Luogu5665 划分
https://www.luogu.com.cn/problem/P5665
\(DP\)
\(36pts\)
\(dp_{i,j}\)表示前\(i\)个数,上一段取的是以位置\(j\)结尾的最小值
\(S_i\)表示前\(i\)个数的和
时间复杂度:\(O(n^3)\)
\(Code:\)
#include<cstdio>
#include<algorithm>
#include<iostream>
#include<cmath>
#define N 5005
#define ll long long
using namespace std;
int n,ty;
ll a[N],dp[N][N],g[N];
int main()
{
scanf("%d%d",&n,&ty);
for (int i=1;i<=n;i++)
scanf("%lld",&a[i]),g[i]=g[i-1]+a[i];
ll mx=(ll)sqrt(4000000000000000000)+1;
for (int i=1;i<=n;i++)
{
if (g[i]<=mx)
dp[i][0]=g[i]*g[i]; else
dp[i][0]=4000000000000000005;
for (int j=1;j<i;j++)
{
dp[i][j]=4000000000000000005;
for (int k=j-1;k>=0;k--)
if (g[j]-g[k]>g[i]-g[j])
break; else
if (g[i]-g[j]<=mx)
dp[i][j]=min(dp[i][j],dp[j][k]+(g[i]-g[j])*(g[i]-g[j]));
}
}
ll ans=dp[n][0];
for (int i=1;i<n;i++)
ans=min(ans,dp[n][i]);
printf("%lld\n",ans);
return 0;
}
\(64pts\)
可以观察到,对于固定的\(i,j\),\((S_i-S_j)^2\)为定值
而对于\(dp_{j,k}\),\(k\)的范围可以二分得到,\(dp_{j,k}\)可以通过后缀\(\min\)直接取得
时间复杂度:\(O(n^2 \log n)\)
\(Code:\)
#include<cstdio>
#include<algorithm>
#include<iostream>
#include<cmath>
#define N 5005
#define ll long long
#define INF 4000000000000000005
using namespace std;
int n,ty;
ll a[N],dp[N][N],mn[N][N],g[N];
int main()
{
scanf("%d%d",&n,&ty);
for (int i=1;i<=n;i++)
scanf("%lld",&a[i]),g[i]=g[i-1]+a[i];
ll mx=(ll)sqrt(INF)+1;
for (int i=1;i<=n;i++)
{
if (g[i]<=mx)
dp[i][0]=g[i]*g[i]; else
dp[i][0]=INF;
for (int j=1;j<i;j++)
{
if (g[i]-g[j]>=mx)
{
dp[i][j]=INF;
continue;
}
int l=0,r=j-1;
int ans=-1;
ll del=g[i]-g[j];
while (l<=r)
{
int mid=(l+r) >> 1;
if (g[j]-g[mid]<=del)
{
ans=mid;
r=mid-1;
} else
l=mid+1;
}
if (ans==-1)
dp[i][j]=INF; else
if (mn[j][ans]+(g[i]-g[j])*(g[i]-g[j])>INF)
dp[i][j]=INF; else
dp[i][j]=mn[j][ans]+(g[i]-g[j])*(g[i]-g[j]);
}
mn[i][i-1]=dp[i][i-1];
for (int j=i-2;j>=0;j--)
mn[i][j]=min(mn[i][j+1],dp[i][j]);
}
printf("%lld\n",mn[n][0]);
return 0;
}
\(88pts\)
好像没有优化的思路了
只好换一个角度思考
由于答案是一堆平方的形式,我们贪心地想,肯定要让最大的一段较小,最大的一段小了,其他的段自然也小了
所以对于每个位置,我们考虑以当前位置为末尾的段最小可以取多少,记为\(dp_i\)

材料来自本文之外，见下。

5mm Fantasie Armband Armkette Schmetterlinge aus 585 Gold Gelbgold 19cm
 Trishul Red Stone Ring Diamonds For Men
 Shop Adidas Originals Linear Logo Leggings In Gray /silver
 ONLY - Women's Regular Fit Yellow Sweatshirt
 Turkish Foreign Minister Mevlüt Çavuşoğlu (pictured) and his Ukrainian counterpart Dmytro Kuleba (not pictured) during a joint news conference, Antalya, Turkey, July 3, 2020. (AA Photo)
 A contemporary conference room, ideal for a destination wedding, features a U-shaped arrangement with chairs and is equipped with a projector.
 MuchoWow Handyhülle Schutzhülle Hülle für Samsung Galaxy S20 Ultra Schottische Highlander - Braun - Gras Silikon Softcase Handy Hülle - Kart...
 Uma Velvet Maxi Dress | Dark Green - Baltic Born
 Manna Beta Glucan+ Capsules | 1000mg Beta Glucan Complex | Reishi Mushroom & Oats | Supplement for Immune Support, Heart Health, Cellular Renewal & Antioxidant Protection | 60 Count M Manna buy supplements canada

注意,\(dp_i\)不具有单调性,无法二分,只好借助平衡树\(fhq\_Treap\)
因为对于每个\(dp_j\),其所要比较的是\(S_i-S_j\),值是不同的,我们可以用减法来代替比较,计算时\(split\)出\(\le 0\)的那部分,取标号最大的(在平衡树节点上打标记)
时间复杂度:\(O(n \log n)\)
期望得分是\(88pts\),\(loj\)也是\(88pts\),但是洛谷跑得太慢,硬把我卡成\(64pts\),开\(O2\)才\(88pts\)(也许\(fhq\_Treap\)常数太大吧\(qaq\))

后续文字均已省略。